(SAN FRANCISCO) — The Environmental Protection Agency (EPA) has assessed penalties totaling $81,474 against two commercial ships over inspection, monitoring and reporting violations in California and Louisiana. The containership MSC Aurora and the bulk carrier Western Durban both violated EPA’s Vessel General Permit (VGP) issued under the Clean Water Act (CWA).
“Vessels that do not comply with their CWA permits can have significant environmental impacts to our waterways, including the introduction of invasive species,” said Amy Miller, EPA’s Enforcement and Compliance Assurance Division director for the country’s Pacific Southwest region. “Failure to comply with the Vessel General Permit requirements can result in significant penalties.”
From November 2016 to July 2021, MSC Aurora failed to conduct required routine visual inspections for 11 voyages to the ports of Long Beach, Los Angeles and Oakland. MSC Aurora also failed to submit timely annual reports to EPA for 2016-2019. For these multiple inspection and reporting violations, Mediterranean Shipping Co. SRL has agreed to pay a civil penalty of $66,474 under the settlement.
In August 2017, Western Durban failed to perform monthly functionality monitoring and an annual calibration of the ballast water treatment system before discharging ballast water at the Port of New Orleans. The ship also failed to conduct required biological monitoring after the discharge. EPA assessed penalties totaling $15,000 to the Tokyo-based Victoria Ship Management company.
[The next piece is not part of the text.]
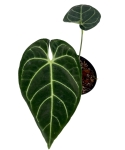 Anthurium regale - M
Invasive species are a persistent problem in U.S. coastal and inland waters. Improper management of ballast water can introduce invasive species or damage local species by disrupting habitats and increasing competitive pressure. Discharges of other waste streams regulated by the VGP (e.g., graywater, exhaust gas scrubber water, lubricants, etc.) can cause toxic impacts to local species or contain pathogenic organisms. Therefore, it is important that such discharges be monitored to ensure that aquatic ecosystems are protected from vessel discharges that contain pollutants.
Vessel self-inspections are required as a means of identifying, for example, sources of spills, broken pollution prevention equipment, or other situations that are or might lead to permit violations and allow the owner/operator to correct the situation as soon as possible. Self-inspections are required by the permit so that the owner or operator can diagnose and fix problems to remain compliant with the permit. Because the CWA relies on self-reporting of permittees, inspection, monitoring, and reporting violations are serious and undermine the Vessel General Permit program.
The violations were discovered in February 2020 as part of on-site visual inspections of MSC Aurora and Western Durban at the ports of Long Beach and Los Angeles by EPA and the U.S. Coast Guard .
EPA’s settlement with MSC resolves CWA violations on board MSC Aurora and is subject to a 30-day public comment period prior to final approval. The public comment period for Western Durban has ended.